Boris Johnson v ethics adviser: what is row over steel tariffs about?

Boris Johnson v ethics adviser: what is row over steel tariffs about?

Analysis: PM said he sought Lord Geidt’s advice on whether overriding trade rules would be in line with ministerial code
Boris Johnson has suggested that his ethics adviser resigned in a row over protection for the British steel industry, after being asked for a view about potentially breaking the UK’s obligations to the World Trade Organization.

In his letter responding to Christoper Geidt’s resignation, the prime minister said he wanted advice on the use of tariffs for “protecting a crucial industry”, which “might be seen to conflict with our obligations under the WTO”.

Johnson said he was asking Lord Geidt’s advice on whether a government decision relating to the UK’s Trade Remedies Authority (TRA) would be proper with due regard to the ministerial code, which obliges those covered by it to act within the law. Johnson appeared to suggest in his letter that overruling the TRA could conflict with the UK’s WTO obligations – essentially a form of international law.

Set up under post-Brexit reforms to advise on trade policy, the TRA told the government last June that nine out 19 tariffs the government had imposed on steel imports could be removed because there was no evidence that British producers were being hurt by cheap foreign imports.

In a recommendation to Liz Truss, who was international trade secretary at the time, it said tariffs on steel plates used by ship builders and tin used in cans, as well as barbed wire and steel rods for reinforcing concrete, could be scrapped.

It said the border taxes – first imposed by the EU while Britain was still a member in 2018, amid fears over cheap Chinese imports – could be extended on other products, including metallic-coated sheets, railway material, and large welded tubes used for energy pipelines.

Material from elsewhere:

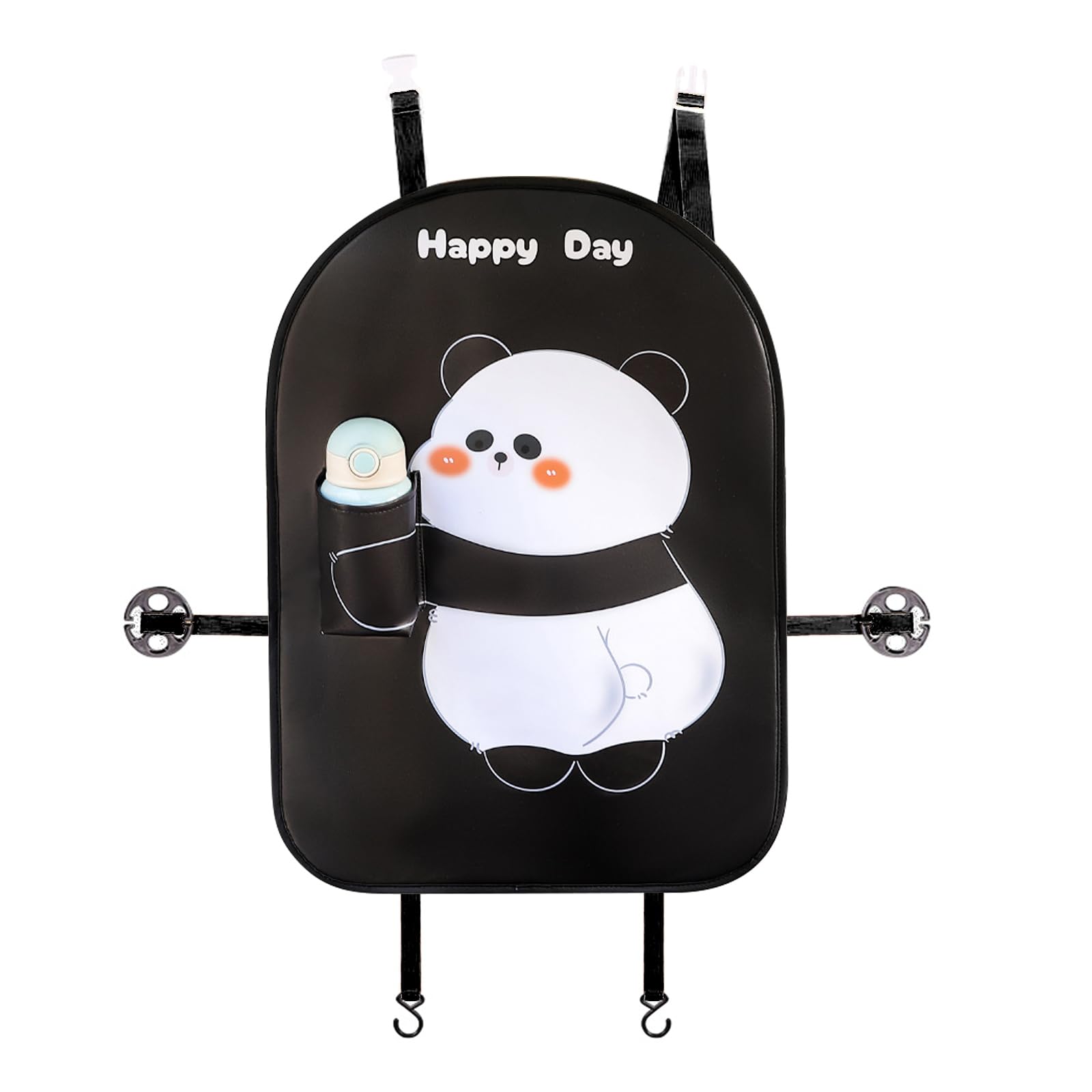 HEEZOU Autositzschutz Kick Matte Niedliche Cartoon Sitz Zurück Abdeckung Mit Wasserflaschenhalter Wasserdichtes Kick Schutzmatte HEEZOU Autositzschutz Kick Matte Niedliche Cartoon Sitz Zurück Abdeckung Mit Wasserflaschenhalter Wasserdichtes Kick Schutzmatte von HEEZOU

With political considerations after winning “red wall” seats from Labour, and amid intensive lobbying from the steel industry, Truss launched emergency legislation to overrule the TRA. Extended for the past year after this change, the 25% taxes above a set quota are due to expire on 30 June, prompting a fresh push by industry to extend them again. Labour has also pushed for an extension.

Britain’s steel industry employs 33,700 people directly in the UK and supports a further 42,000 in supply chains, despite a steady decline in the number of mills dotted across industrial towns and cities in recent years. Owners include the Indian conglomerate Tata, the Spanish firm Celsa, and Liberty Steel, the embattled firm founded by Sanjeev Gupta.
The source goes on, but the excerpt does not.